The Court of Arbitration for Sport (CAS) has selected the three people who will rule on Alberto Contador’s clenbuterol case – and a verdict is likely before the start of this year’s Tour de France in July.

Efraim Barak (Israel), Quentin Byrne-Sutton (Switzerland) and Professor Ulrich Haas (Germany) will study the evidence in the case after the sport’s governing body, Union Cycliste Internationale (UCI), and the World Anti-Doping Agency (WADA) both lodged appeals subsequent to the Spanish Cycling Federation (RFEC) clearing Contador of charges relating to the positive.

If CAS rule in favour of UCI and WADA, Contador will likely face a two-year suspension back-dated to the positive test (July 21 2010) and have any race results achieved since then stripped from his palmares.

Contador tested positive for clenbuterol in a sample taken during the second rest day of the 2010 Tour de France in Pau. He went on to win the race overall. When news broke of the positive test in September, Contador blamed it on the consumption of tainted beef brought from Spain by a friend.

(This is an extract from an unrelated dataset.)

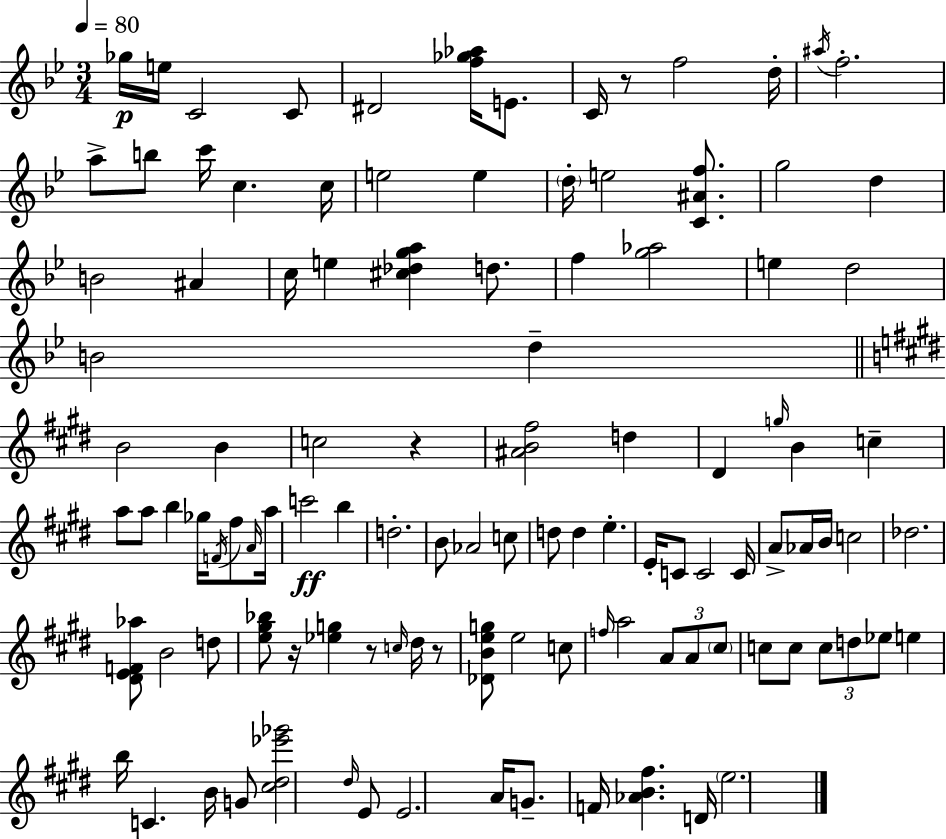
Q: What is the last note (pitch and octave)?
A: E5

Contador was suspended from competition whilst RFEC studied the evidence. They subsequently cleared him in February 2011 and the Spaniard returned to racing, going on to win the Volta a Catalunya and Vuelta a Murcia stage races overall.

Contador is listed to ride the Giro d’Italia in May for his Saxo Bank-Sungard team.

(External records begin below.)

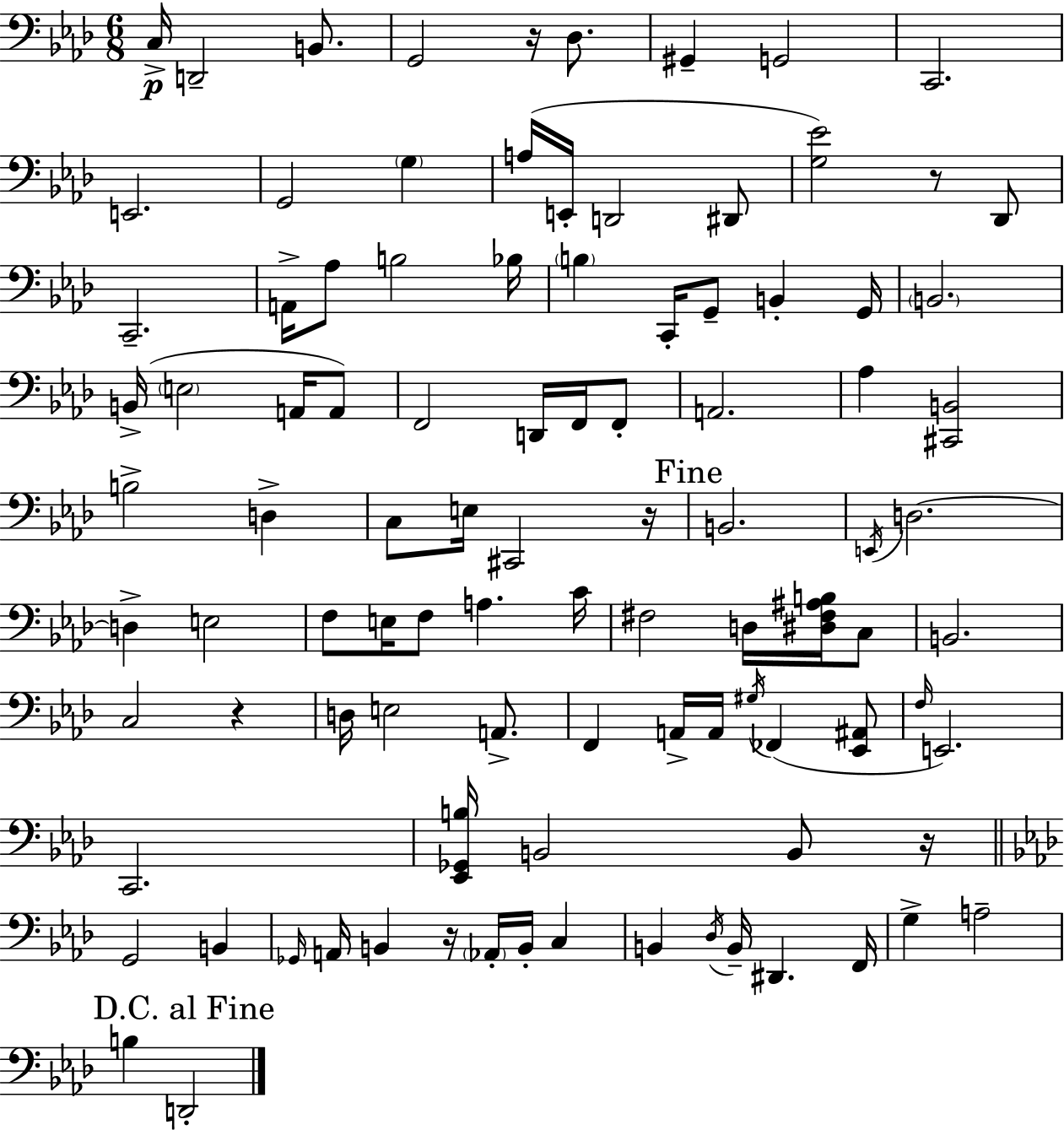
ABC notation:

X:1
T:Untitled
M:6/8
L:1/4
K:Ab
C,/4 D,,2 B,,/2 G,,2 z/4 _D,/2 ^G,, G,,2 C,,2 E,,2 G,,2 G, A,/4 E,,/4 D,,2 ^D,,/2 [G,_E]2 z/2 _D,,/2 C,,2 A,,/4 _A,/2 B,2 _B,/4 B, C,,/4 G,,/2 B,, G,,/4 B,,2 B,,/4 E,2 A,,/4 A,,/2 F,,2 D,,/4 F,,/4 F,,/2 A,,2 _A, [^C,,B,,]2 B,2 D, C,/2 E,/4 ^C,,2 z/4 B,,2 E,,/4 D,2 D, E,2 F,/2 E,/4 F,/2 A, C/4 ^F,2 D,/4 [^D,^F,^A,B,]/4 C,/2 B,,2 C,2 z D,/4 E,2 A,,/2 F,, A,,/4 A,,/4 ^G,/4 _F,, [_E,,^A,,]/2 F,/4 E,,2 C,,2 [_E,,_G,,B,]/4 B,,2 B,,/2 z/4 G,,2 B,, _G,,/4 A,,/4 B,, z/4 _A,,/4 B,,/4 C, B,, _D,/4 B,,/4 ^D,, F,,/4 G, A,2 B, D,,2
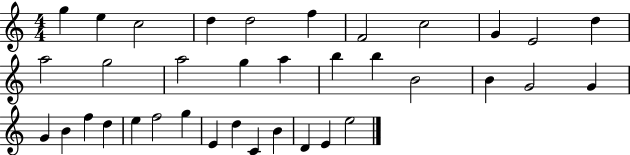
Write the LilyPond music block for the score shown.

{
  \clef treble
  \numericTimeSignature
  \time 4/4
  \key c \major
  g''4 e''4 c''2 | d''4 d''2 f''4 | f'2 c''2 | g'4 e'2 d''4 | \break a''2 g''2 | a''2 g''4 a''4 | b''4 b''4 b'2 | b'4 g'2 g'4 | \break g'4 b'4 f''4 d''4 | e''4 f''2 g''4 | e'4 d''4 c'4 b'4 | d'4 e'4 e''2 | \break \bar "|."
}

The CAS statement, issued on Wednesday (April 27) read:

“The arbitral Panel in charge of the appeals of the International Cycling Union (UCI) and of the World Anti-Doping Agency (WADA) against the decision of the Spanish Cycling Federation (RFEC) concerning the case of Alberto Contador has been constituted as follows: Mr Efraim Barak (Israel), President, Mr Quentin Byrne-Sutton (Switzerland) and Prof. Ulrich Haas (Germany).

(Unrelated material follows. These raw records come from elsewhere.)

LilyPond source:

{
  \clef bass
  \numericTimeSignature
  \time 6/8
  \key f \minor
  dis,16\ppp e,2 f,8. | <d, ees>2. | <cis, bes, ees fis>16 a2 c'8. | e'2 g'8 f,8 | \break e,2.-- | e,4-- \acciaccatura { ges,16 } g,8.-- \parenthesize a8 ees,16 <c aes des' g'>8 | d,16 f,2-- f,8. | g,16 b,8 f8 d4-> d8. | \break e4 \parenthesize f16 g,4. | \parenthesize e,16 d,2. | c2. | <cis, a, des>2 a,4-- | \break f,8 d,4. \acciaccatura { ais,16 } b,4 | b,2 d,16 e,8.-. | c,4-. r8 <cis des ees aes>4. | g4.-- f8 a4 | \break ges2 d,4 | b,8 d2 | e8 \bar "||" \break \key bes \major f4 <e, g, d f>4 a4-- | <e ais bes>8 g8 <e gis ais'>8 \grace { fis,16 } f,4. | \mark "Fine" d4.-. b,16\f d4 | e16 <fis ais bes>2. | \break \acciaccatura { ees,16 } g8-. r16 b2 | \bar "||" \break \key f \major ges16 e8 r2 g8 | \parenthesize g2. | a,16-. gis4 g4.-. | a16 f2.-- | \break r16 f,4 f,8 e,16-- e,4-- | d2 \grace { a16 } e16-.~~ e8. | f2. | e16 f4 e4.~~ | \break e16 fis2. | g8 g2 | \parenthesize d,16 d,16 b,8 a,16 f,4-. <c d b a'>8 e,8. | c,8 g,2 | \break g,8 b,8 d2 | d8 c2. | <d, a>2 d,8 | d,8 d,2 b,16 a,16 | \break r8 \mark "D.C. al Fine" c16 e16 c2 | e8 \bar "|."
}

“The written proceedings in this matter are likely to be concluded at the end of May and the CAS envisages to hold a hearing in June 2011, which would allow the settlement of the dispute before the end of June 2011. The hearing date will be published once it has been fixed.”

Related links

CAS to make Contador decision before Tour de France

WADA appeals against Contador acquittal


UCI to appeal to CAS in Contador case

Contador now cleared of clenbuterol charges

Spanish media claims Contador could avoid ban

Contador could use ‘Gasquet’s Kiss’ theory to back case

Contador says he will fight on despite provisional ban

UCI awaits final Spanish decision in Contador case

Contador tests positive for clenbuterol

 

  • Mike

    With you 100% Peter.
    Tainted meat, yea that would be right. That excuse flags up two issues. Firstly the athlete is responsible for what is in there system and clenbuterol is illegal in any amount.
    Secondly, no pro rider eats steak the night before the queen stage of the Tour, there diets are very closely monitored by doctors and nutrishonists.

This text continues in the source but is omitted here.